06.19.2013 0

Why are taxpayers paying $80 billion a year for food stamps?

By Robert Romano

In 2012, the Romney campaign and the Republican National Committee were fond of noting that “Since President Obama took office, the number of Americans receiving food stamps has increased from 31.9 million to 46.7 million, a record 46 percent increase.”

In a Sept. 2012 Fox News interview, Republican nominee Mitt Romney repeated, “When the president took office, 32 million people were on food stamps. And now that number is 15 million higher, almost 50 percent higher. Now, 47 million people on food stamps.”

Generally, when it suited them politically, Republicans had few qualms about attributing the sharp increase in food stamps to the Obama Administration.

But how many remember the May 21, 2008 vote by 100 House Republicans to override then-President George W. Bush’s veto of the 2008 Farm Bill? You know, the legislation that dramatically expanded the eligibility of the Supplement Nutrition Assistance Program — i.e. food stamps?

This was the bill that “[made] it easier for households with income from combat pay, retirement accounts or education savings to be eligible,” according to a USA Today Report by Wendy Koch in 2008.

If an increase in eligibility primarily explained the sharp increase in program participation, as a 2012 study by the Manhattan Institute’s Diana Furchtgott-Roth showed, then surely those 100 House Republicans who helped pass the 2008 Farm Bill were instrumental in that effort.

Certainly, maximum benefits under food stamps were expanded in the Obama “stimulus,” but as far as qualifications for participating in the program being expanded? That was in 2008.

So, who were these House Republicans that helped put an additional 15 million on food stamps?

They included House Energy and Commerce Chairman Rep. Fred Upton, who has been called House Speaker John Boehner’s top adviser. Rep. David Camp, House Ways and Means Committee Chairman. Rep. Hal Rogers, Chairman of the House Appropriations Committee.

Critically, they also included Rep. Frank Lucas, Chairman of the House Agriculture Committee — who is responsible for the current 2013 Farm Bill. Now, the legislation proposes to spend about $750 billion on food stamps over the next ten years.

That is 80 percent of the cost of the entire $939 billion bill — and the most that has ever been spent on food stamps over a ten year period.

Oh, Republicans have been bragging about their proposed $2 billion a year cut to food stamps as some sort of reform, but the fact is the program cost $82 billion in 2013 alone. This is no significant reform of eligibility for the program. It is window dressing to make the House legislation appear to be ever so slightly, comparatively “better” than the Senate version.
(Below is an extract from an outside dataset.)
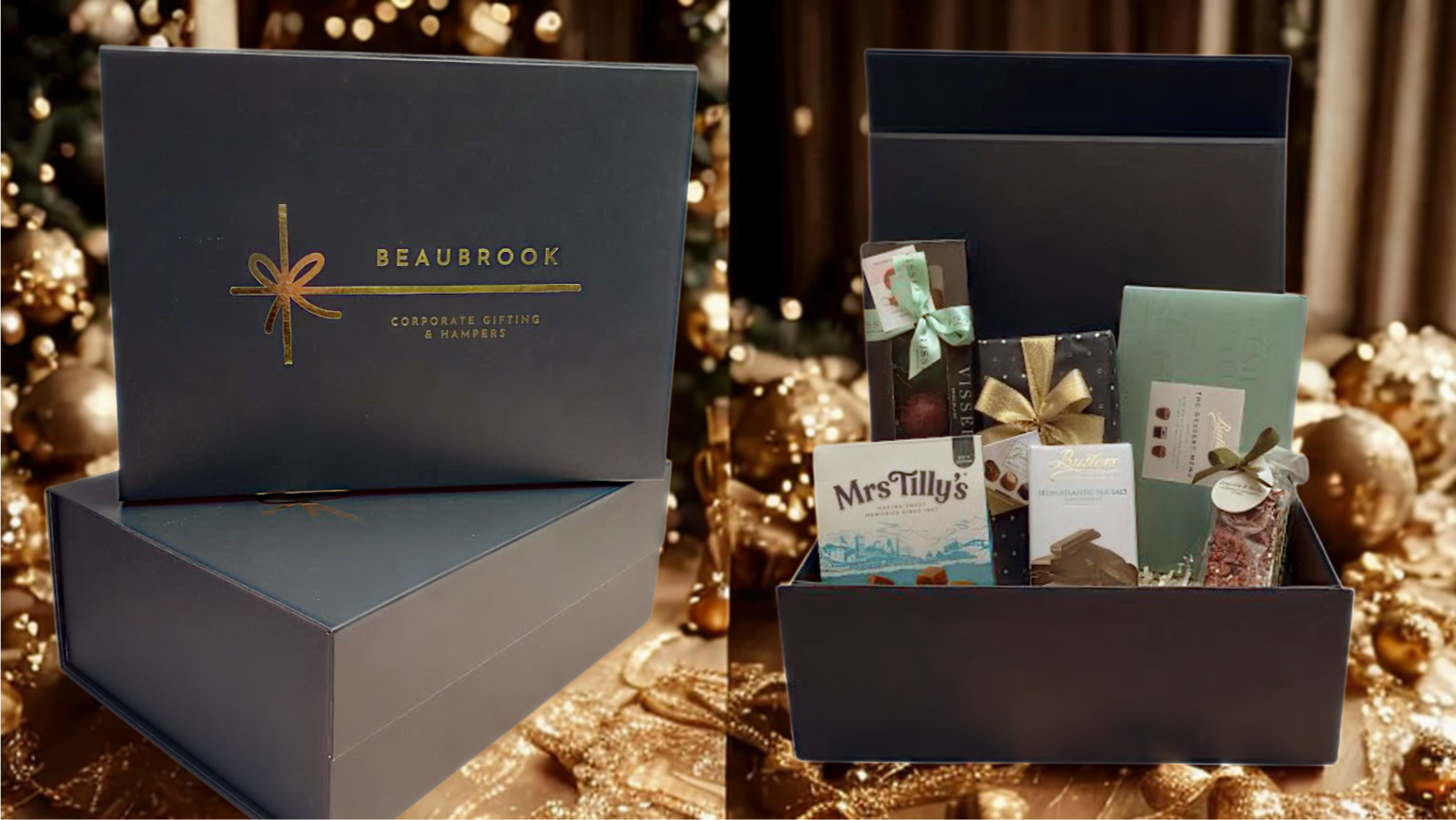 Luxury Christmas hamper with festive packaging from Willowsbrook Hampers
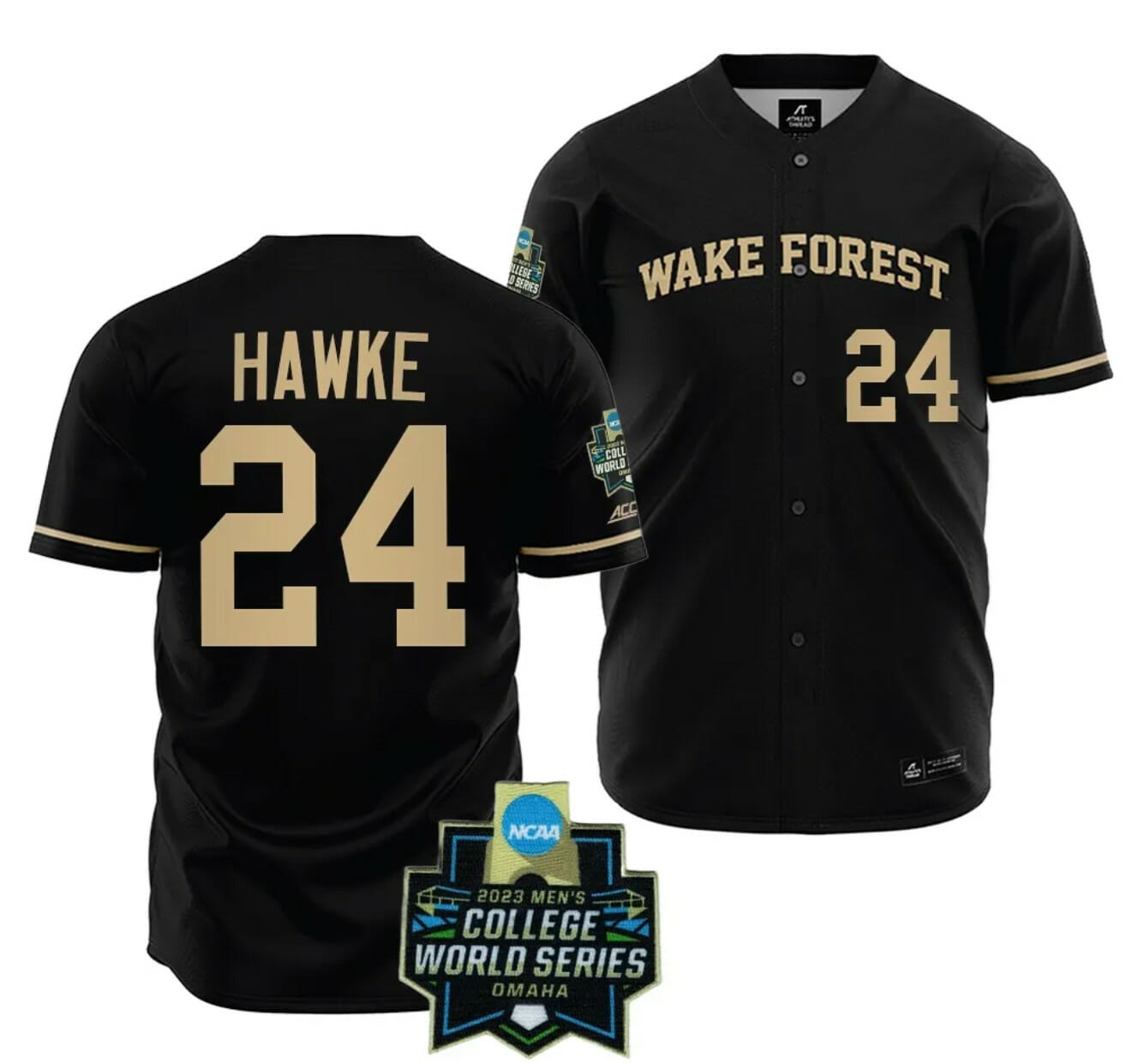 Tommy Hawke Jersey Wake Forest Demon Deacons Baseball NCAA 2023 College World Series Black #24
But is it any wonder? It’s because there simply are not the votes to go back to pre-2008 eligibility for the food stamps program.

Heck, back in 2008, when the veto came up, only 94 members, a minority of Republicans in the House voted to maintain the Bush veto.

Yet another example of where Democrats and Republicans together vote to keep the spending machine going in Washington, D.C., something that has continued under House Speaker John Boehner. Need more examples?

A majority of House Republicans who voted against the tax bill that raised taxes on those making $400,000 and above, including many small businesses. Despite that, the legislation passed with a handful of Republicans and Democrats.

A majority voted against so-called hurricane “disaster relief” because it was unpaid for and was stuffed with billions in unrelated pork even as it passed with Democrat support.

House leaders needed Democrats to help to pass the most recent continuing resolution.

And a majority of Republicans voted to suspend the debt ceiling until May 19 — but they needed Democrats for that vote, too, in order for it to pass.

Just like in the vote on the continuing resolution that came before that. Or when the House increased the debt ceiling in 2011.

See a pattern? The House Republican majority is largely a fiction. It cannot pass significant legislation without Democrat support, but more importantly, it has been unable to keep its promises to rein in the government welfare programs they said they would.

All of which means the 2010 tea party push to help Republicans reclaim the House majority was predicated on a lie.

Robert Romano is the Senior Editor of Americans for Limited Government.